Mas agora eu também consigo ver coisas que antes não se destacavam na
multidão: o centro é uma bagunça. Mas ok, todo centro de cidade é bagunçado, não
é mesmo? A verdade é que não tem jeito, tem sujeira na rua, tem barbeiragem no
trânsito, tem gente mal-educada, tem ruas mal iluminadas, tem homem fazendo
xixi nas lanes, tem o problema da diferença de classes sociais e tem o problema
das drogas na cidade, que é um problema muito sério.
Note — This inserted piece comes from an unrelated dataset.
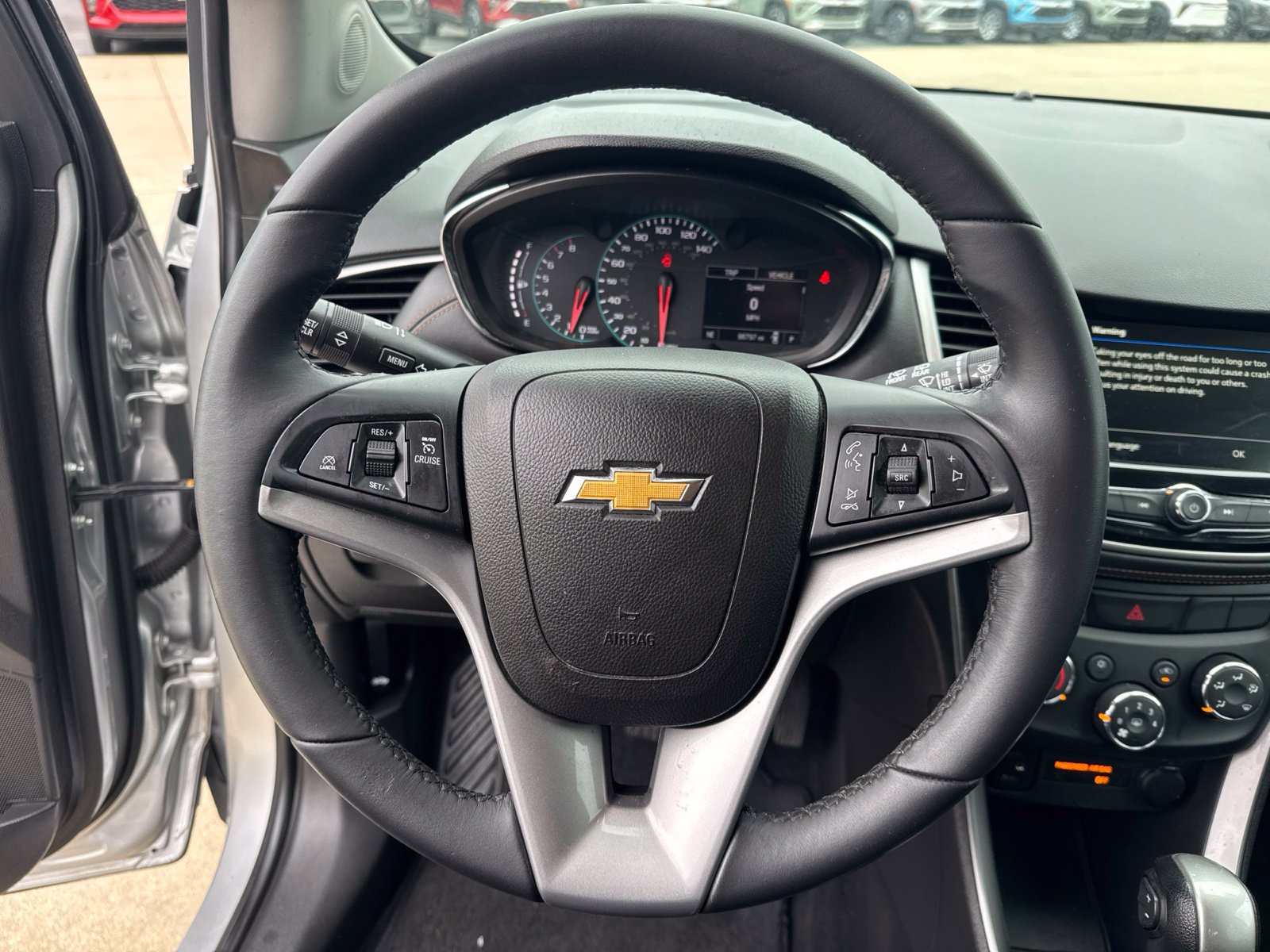 Used 2018 Chevrolet Trax LT w/ LT Convenience Package FWD image 19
Claaaaro que o meu conceito de diferença de classe social é outro vindo
do Brasil, mas principalmente em Dublin, essa diferença é muito clara. E após
um tempo morando aqui você começa a entender a dinâmica da cidade, onde pessoas
que recebem benefícios do governo gastam seu dinheiro em compras pelo centro,
adolescentes e crianças vindos dessas famílias fazem arruaça o tempo todo pelas
ruas, não pagam transporte público, entre outras coisas. Mas essa é uma situação
delicada porque essas pessoas que tem uma situação financeira e social
fragilizada precisam desses benefícios e ajuda do governo pra sobreviver - se o
governo cortasse essa grana, você quer apostar quanto que a criminalidade na Irlanda subiria drasticamente?
Mas eu não quero entrar nesse mérito não. Não sou contra o governo
auxiliar a população com dinheiro e benefícios e sou a favor de cotas raciais e
sociais (inclusive no Brasil). Agora, o lance das drogas, o buraco aí é mais em
baixo ainda. Mas eu já falei desse assunto de leve nesse post de 2014.
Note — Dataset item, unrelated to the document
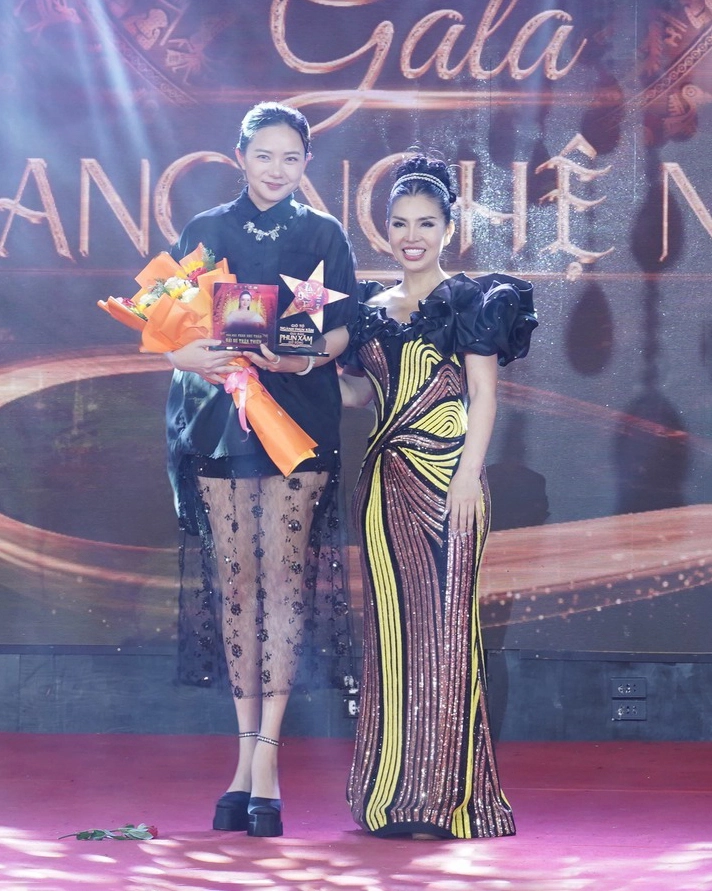 Phan như thảo được khen khéo chọn đồ dù nặng 80 kg - 6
E onde eu queria chegar com tudo isso? Que sim, Dublin é uma ótima
cidade pra se morar. Eu não tenho um salário maravilhoso e vivo bem (claro que
não estou sozinha na equação, mas mesmo quando trabalhava de babá e dividia a casa
com outras 5 ou 6 pessoas, tinha qualidade de vida): como do bom e do melhor,
vou de bicicleta pro trabalho, vou a pé pro cinema se quiser, tenho várias
opções de restaurantes e cafés a meu dispor, tenho acesso a um aeroporto que
possui voos diretos pros Estados Unidos, Canadá, alguns países na Africa,
Europa inteira, Oriente Médio... então quando penso que eu levava 2 horas pra
chegar na Vila Mariana sem trânsito, realmente, os meus 20 minutinhos pedalando
de porta a porta não são nada. Massss, ao mesmo tempo, eu me sinto incomodada
quando me deparo com tantos pedintes nas ruas, quando vejo junkies fora de si
de tanta heroína que injetaram, quando me sinto ameaçada por ser mulher e
estrangeira. Porém, essas situações são raras e no fim das contas, o segredo da
vida é a gente tentar viver da melhor maneira que podemos dadas as condições
que temos, não é mesmo? Então eu tô muito feliz em morar em Dublin, fico
aliviada quando viajo e volto pra casa e penso em criar raízes mais profundas
nessa cidade que me acolheu tão bem.
Não sei se respondi a pergunta que eu mesma me fiz no título, acho que
tava precisando de um post-reflexão desses porque fazia tempo que eu não falava
sobre o assunto. E você, gosta de morar onde mora?